OpenPrinting / cups

OpenPrinting CUPS Sources
https://openprinting.github.io/cups
Apache License 2.0
957 stars 174 forks source link

load_ppd for 6000 printers takes 25mins 100% cpu #940

Open ryjogo opened 2 months ago

ryjogo commented 2 months ago

Is your feature request related to a problem? Please describe. We have some systems with over 6k printers attached, when loading up the CUPSd service, it takes around 25-30 mins to parse all the PPD's

D [11/Apr/2024:16:34:52 +0000] cupsdRegisterPrinter(p=0x555d2d5fccb0(FR7_Printer))
D [11/Apr/2024:16:34:52 +0000] Loading printer FR7_Color_Printer...
D [11/Apr/2024:16:34:52 +0000] load_ppd: Loading /var/cache/cups/FR7_Color_Printer.data...

I can currently see that this occupies a single CPU core, on a 6 core machine.

Describe the solution you'd like It would be great if we can load files multi-threaded perhaps? or even have a way to load PPD's and start the service up in the background.

Describe alternatives you've considered I'm tempted to start to split these printers into seperate CUPS instances, and stick a load-balancer in front - but that doens't work as the load-balancer does not know where to sent the JOB polling request after a print request. i.e., a print request is sent; and the subsequent job polling doesn't contain any data i can pin the connection to, so it can hop to another node; and fail.
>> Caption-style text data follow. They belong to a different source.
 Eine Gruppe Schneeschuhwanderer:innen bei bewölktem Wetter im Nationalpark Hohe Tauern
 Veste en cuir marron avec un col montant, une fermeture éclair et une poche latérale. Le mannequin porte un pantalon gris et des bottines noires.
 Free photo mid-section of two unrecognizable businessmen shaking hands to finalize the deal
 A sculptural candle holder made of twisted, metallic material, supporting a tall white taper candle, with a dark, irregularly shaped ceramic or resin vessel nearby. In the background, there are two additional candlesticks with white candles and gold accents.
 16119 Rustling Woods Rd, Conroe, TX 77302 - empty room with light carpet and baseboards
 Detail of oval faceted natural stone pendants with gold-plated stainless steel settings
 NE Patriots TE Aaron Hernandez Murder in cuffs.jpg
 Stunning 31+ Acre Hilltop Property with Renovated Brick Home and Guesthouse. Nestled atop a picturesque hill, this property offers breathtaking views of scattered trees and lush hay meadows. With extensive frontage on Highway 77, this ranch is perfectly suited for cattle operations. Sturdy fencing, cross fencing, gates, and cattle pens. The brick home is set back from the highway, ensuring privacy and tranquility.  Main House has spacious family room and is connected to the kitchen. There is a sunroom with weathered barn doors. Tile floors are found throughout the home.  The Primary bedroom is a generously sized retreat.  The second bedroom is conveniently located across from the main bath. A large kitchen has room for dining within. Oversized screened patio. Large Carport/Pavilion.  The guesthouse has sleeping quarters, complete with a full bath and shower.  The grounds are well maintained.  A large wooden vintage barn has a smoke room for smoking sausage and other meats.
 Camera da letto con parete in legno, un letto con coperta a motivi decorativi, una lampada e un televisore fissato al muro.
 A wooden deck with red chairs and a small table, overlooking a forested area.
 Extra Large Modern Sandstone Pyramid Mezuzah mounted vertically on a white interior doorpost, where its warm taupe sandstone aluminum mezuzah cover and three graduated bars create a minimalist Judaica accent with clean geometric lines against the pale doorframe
michaelrsweet commented 2 months ago

This is a known issue and there really isn't much that we can do - there is a certain amount of state that we need to load to support printing - quite a bit of optimization has already been done but I can look into loading printers in parallel to speed things up, as well as revisiting the current caching framework (I am overhauling the localization support now as well...)

ryjogo commented 2 months ago

Fantastic! Yes please! This would help considerably. I have a task to create alias for 6k printers for another naming scheme, however I'm really nervous as this will basically double the PPDs when using classes. Thus loading 12k is unbearable.

Do you know of any solution for a workarounds as suggested? I'm referring to load balancing techniques for CUPS?

Perhaps I should make a new issue on this..

michaelrsweet commented 2 months ago

WRT load balancing options, sorry I'm not aware of anything specific. The old "CUPS browsing" implicit class method (no longer supported) and the newer "cups-browsed" stuff can be used but probably won't scale up to 6k queues.

Just an FYI - CUPS 2.5 is the "end of the line" for PPD-based print queues and the current single-threaded server architecture. We aren't going to completely re-architect cupsd for 2.5, but I will try to improve startup performance.

ryjogo commented 2 months ago

Good point actually. Is it ipp-everywhere that could help here? Would this query the printer for the first print job and cache or upon startup?

michaelrsweet commented 2 months ago

IPP Everywhere basically encapsulates everything that is parsed in and out of PPDs right now. Aside from the efficiencies of not using PPDs, other IPP standards (IPP System Service and IPP Shared Infrastructure Extensions) allow for greater scaling.

frazhome commented 2 months ago

Hello ryjogo,

on which version you are running? maybe the remove of the debugcode helps you. https://github.com/OpenPrinting/cups/commit/b546688325bb002a2493e4df3a0a7e5e3b844153

my company is running on 2.2.7 and the remove of the debug codes speeds up the hole startup.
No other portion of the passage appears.